━━ DATASET RECORDS ━━

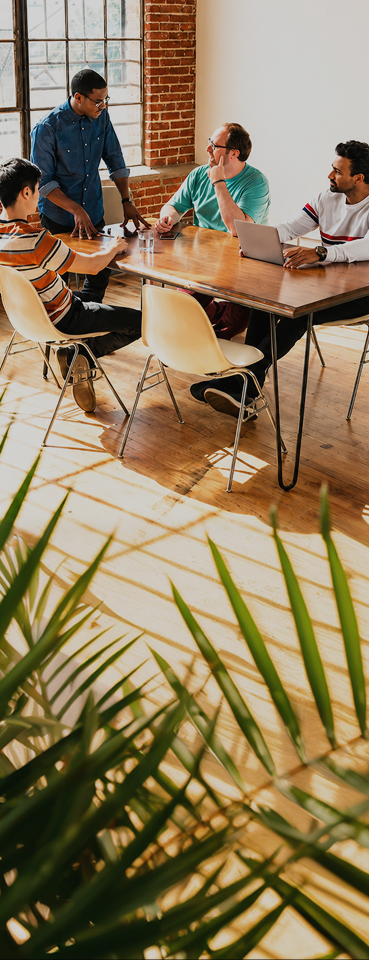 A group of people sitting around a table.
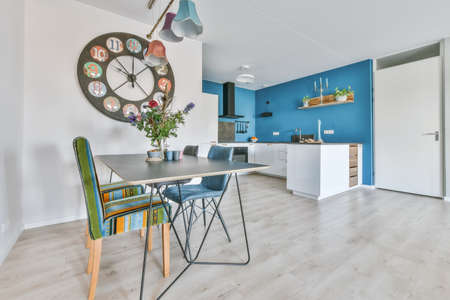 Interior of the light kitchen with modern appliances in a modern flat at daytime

━━━
━━ DATASET RECORDS ━━

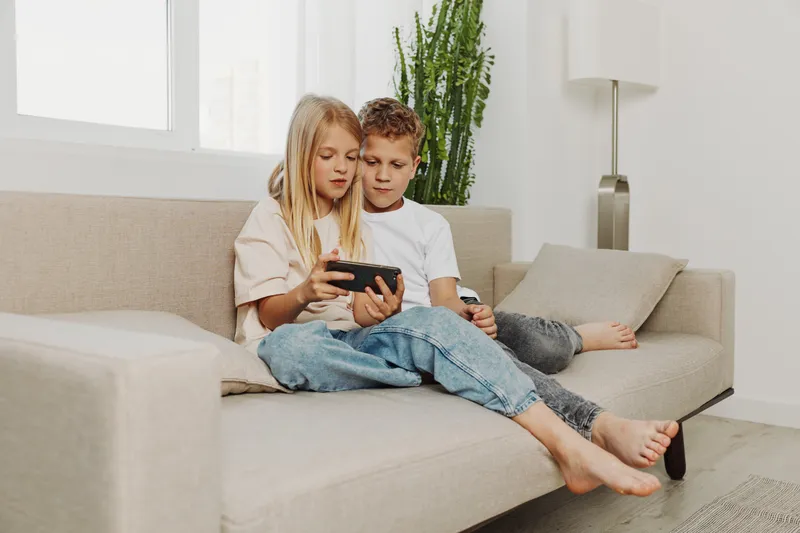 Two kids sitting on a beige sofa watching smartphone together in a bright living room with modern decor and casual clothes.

━━━

TRY IT: Start at the line above containing "A group of people sitting around a table." and stop at the line containing "Interior of the": print those lines and everything between them exactly, but not the pictures.

OUTPUT BELOW:
 A group of people sitting around a table.
 Interior of the light kitchen with modern appliances in a modern flat at daytime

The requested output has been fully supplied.